● Exercise goal: Out of the material that follows, write out exactly the lines from the line with "Preview 2 of Corny Ally - Verification video" to the line with "Skoda Octavia Mk2", both ends included, and no others.

● Dataset records:

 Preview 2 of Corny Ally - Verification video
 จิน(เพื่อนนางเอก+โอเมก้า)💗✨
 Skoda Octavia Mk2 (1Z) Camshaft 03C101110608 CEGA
---
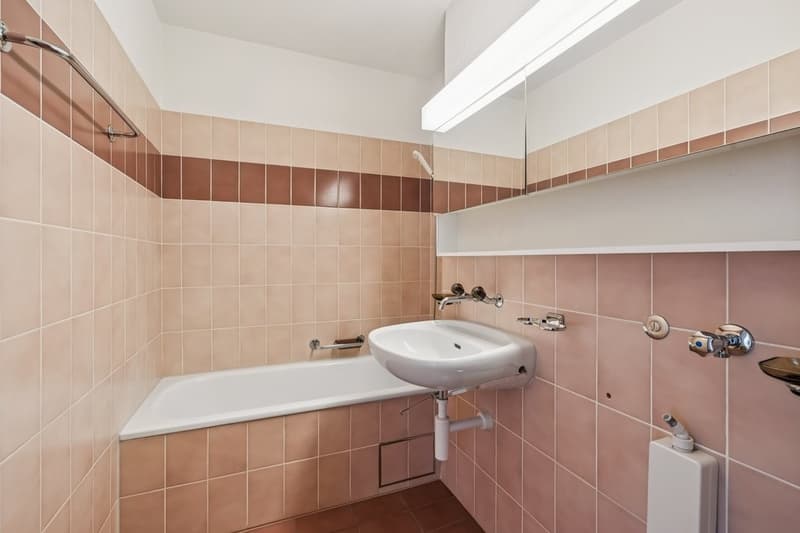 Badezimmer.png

● Output below:
 Preview 2 of Corny Ally - Verification video
 จิน(เพื่อนนางเอก+โอเมก้า)💗✨
 Skoda Octavia Mk2 (1Z) Camshaft 03C101110608 CEGA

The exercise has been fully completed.